Por Rangel Alves
da Costa*
Dizem que num
tempo distante, numa época de versos talhados a cinzel e amor verdadeiro, um
poeta apaixonado, triste pelo não reconhecimento e desprezo da mulher e musa
tão amada, decidiu refugiar-se na montanha e de lá, para sempre, cantar seu
amor em versos ao vento.
Vivendo numa
gruta nas distâncias do cume, rodeado de bromélias flamejantes e pedras
solitárias, convivendo com o constante barulho do vento e dos pássaros grandes
que por ali faziam os seus ninhos, do amanhecer ao anoitecer escrevia pedaços
de versos em folhas ressequidas e depois as jogava ao sabor da aragem.
“E um tempo de
amor demais
amor que ainda
amo
e não ficou
para trás
em teu nome
teci a vida
renda dourada
a escolhida
com agulha de
pétala
a paixão tão
sentida
para adormecer
o sono
de quem ama
esperando
o vasto leito
perfeito
para morrer
sonhando”.
E sem jamais
conseguir esquecer aquela que um dia enviou-lhe um poema de volta, escrevendo
no verso que o seu coração estava guardado para homem da terra e não para
pássaro do céu, quanto mais se entretinha com lagartixas e aranhas mais sua
mente desenhava uma teia. E nesta, ele mesmo estava grudado esperando a saída.

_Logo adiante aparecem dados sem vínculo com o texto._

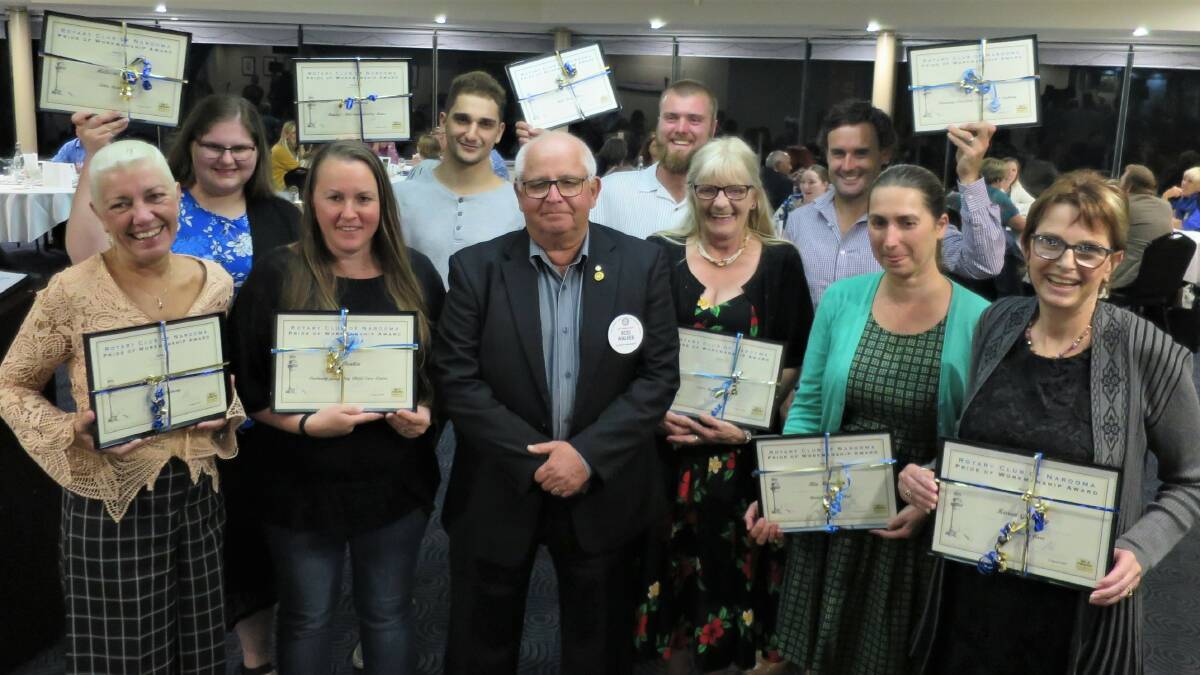 Narooma Rotary President Rod Walker, centre, presented Rotary Pride of Workmanship Awards on Thursday to Kimberley Clunne (IRT Dalmeny), front left, Jo Donkin (Dalmeny Long Day Child Care Centre), Jeannie Willoughby (Estia Health Dalmeny), Ria Manolias (Bodalla Dairy Shed), Karen Grindley (IRT Home Care); Melissa Burke (Tilba Real Dairy), back left, Ali Elmasri (Rapley's Mid-town Quality Meats), Scott Curry (Will's Water Worx). Will Farrell, back right, collected the award on behalf of Daniel Smith.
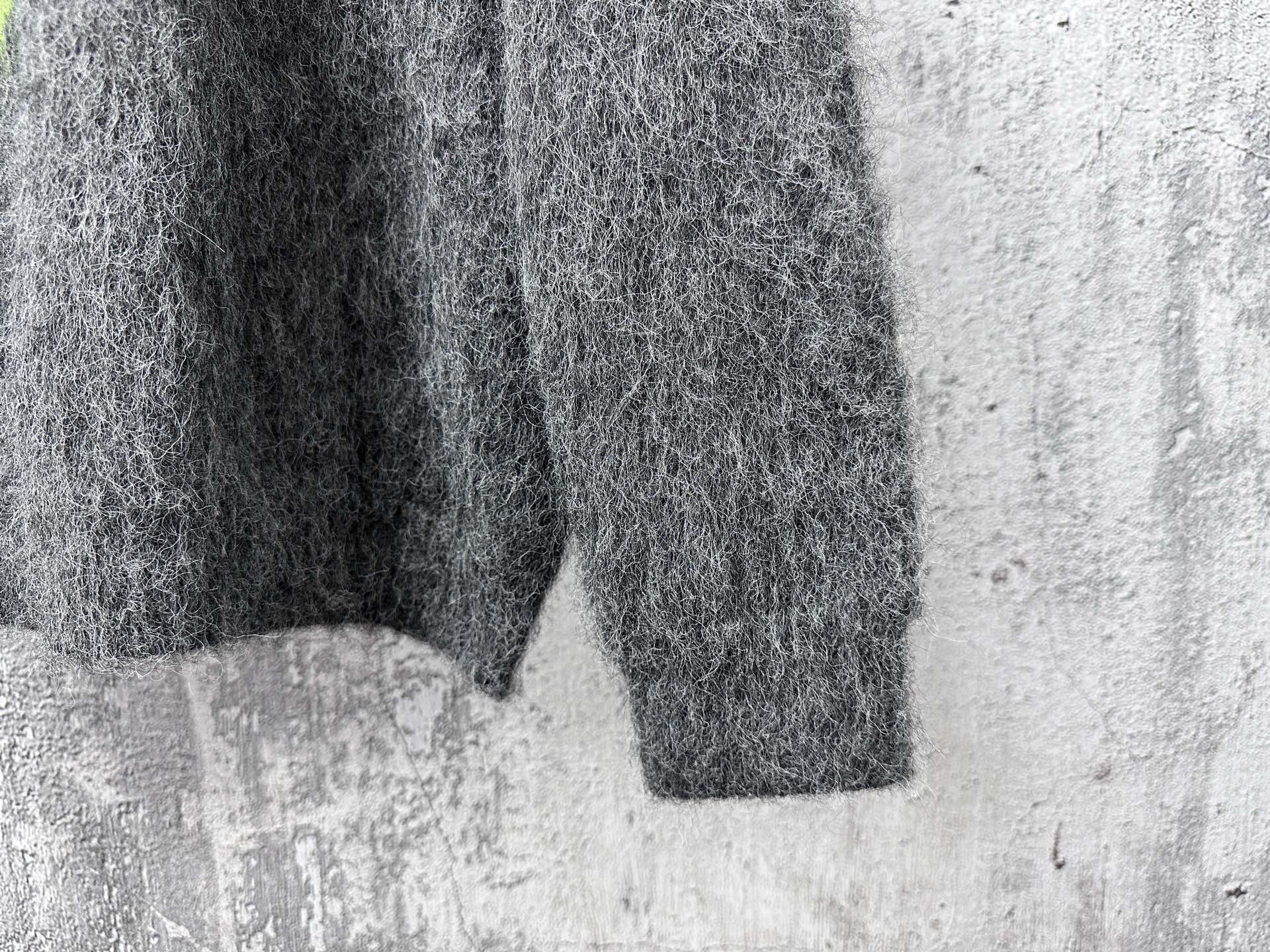 Dark gray fuzzy knit sweater sleeve and hem with straight cuffs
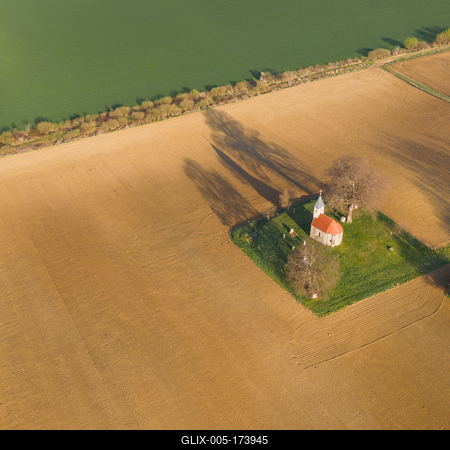 aerial photo of a small chapel with morning sunshine-stock-foto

E procurava desgrudar-se daquele terrível abandono escrevendo mais versos nas
folhas achadas ao léu.
“Amor meu amor
onde estais
o que fazes
em meio às
flores
não sinto nas
outras
as mesmas
cores
senão destas
sinceros
ciúmes
por serem
flores
mas sem
possuir
teus doces
perfumes”.
Anos e anos
assim, e o homem poeta se tornando num velho poeta, e continuando tão
apaixonando ou mais, que já não se bastava no entristecimento, nas saudades,
lembranças e recordações, pois passou a de vez em quando lacrimejar com o
pensamento nas distâncias daquele ser tão distante.
E de repente,
de tanto escrever e soltar versos ao vento, um dia não encontrou mais uma folha
sequer. Quanto mais procurava mais encontrava apenas gravetos e garranchos,
pedras e espinhos. Então olhou ao redor, rabiscou na própria mão seu último
verso e disse que seria a folha sem vida perdida pelo ar. E se jogou lá de cima
com os versos soltos na mão aberta.
“Sozinho
homem também
passarinho
voando para o
seu túmulo
bem distante
do ninho
onde canta o
seu amor
janela sem ser
caminho”.
Sentada na
cama, folheando diários de um tempo outro, seu corpo sentiu calafrio ao
perceber uma folha seca, que trazida pelo vento, recostava no seu ombro. Apenas
juntou-a aos seus escritos e foi mirar o horizonte da janela. A feição
envelhecida da mulher sentiu-se molhar por uma lágrima fininha.